Nextcloud is a great product, and the company’s philosophy is exemplary as well. However, as a long-time user, it pains me to see how new features are constantly introduced while the foundation upon which everything is built is entirely overlooked, and deficiencies are left unaddressed.
So, what do I mean by this?
At its core, Nextcloud is a tool for storing files and exchanging them. And here is where, from my perspective, the foundation is “broken by design.”
The focus is on the user, rather than the data that needs to be shared and stored! This becomes very apparent through two problems, both of which stem from the architecture and usage of the database. A detailed description of the problem can be found here: GitHub Issue Link
Brief Description of Problem 1:
Users and groups from the Active Directory.
Integration of shares from the Windows file server with the option to store logins in the database. This essentially turns Nextcloud into a web frontend for the MS file server. Permissions for actions on files are determined by ACL on the file server, which is not an issue, as external shares in Nextcloud can be mounted as read-only or writable.
However, problems arise when the Nextcloud client is used to sync files to a client. If User A modifies a file and User B is allowed to access the same file, User B will not receive the changes made by User A.
Brief Description of Problem 2 (actually two problems):
Here again, the data is stored on an external storage, and users are coming from the Active Directory.

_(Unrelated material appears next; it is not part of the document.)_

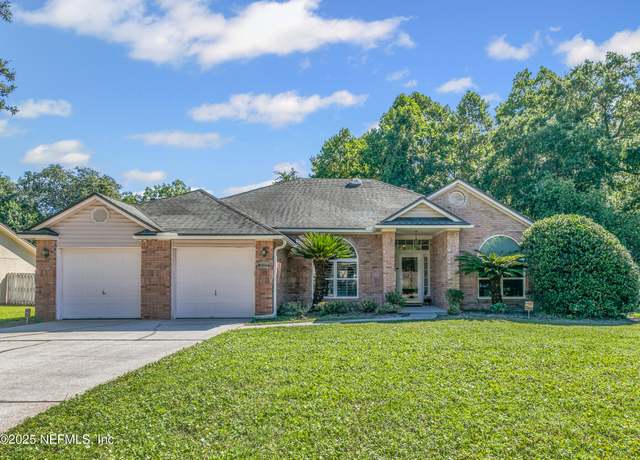 Property at 12241 Marbon Estates Ln E, Jacksonville, FL 32223, 3 beds, 2 baths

There are 53 users in Nextcloud, of which 24 are from the AD, and the rest are local Nextcloud users. The problem is that the Nextcloud database is HUGE! It’s a whopping 28.2 GB according to the web interface. The externally mounted share encompasses over 3TB of data, with more than 3,000,000 files and 300,000 directories. Another problem arises when individual directories are shared from AD users to Nextcloud-local users to exchange data. While this works, the displayed data isn’t truly up-to-date.
Normally, accessing data through a web browser would update as changes occur on the external storage, even if those changes weren’t made through Nextcloud itself. This is because the browser triggers a refresh of the directory, detecting new and modified data. However, in this case, the refresh isn’t effective, taking too long or not being limited to the directory being viewed.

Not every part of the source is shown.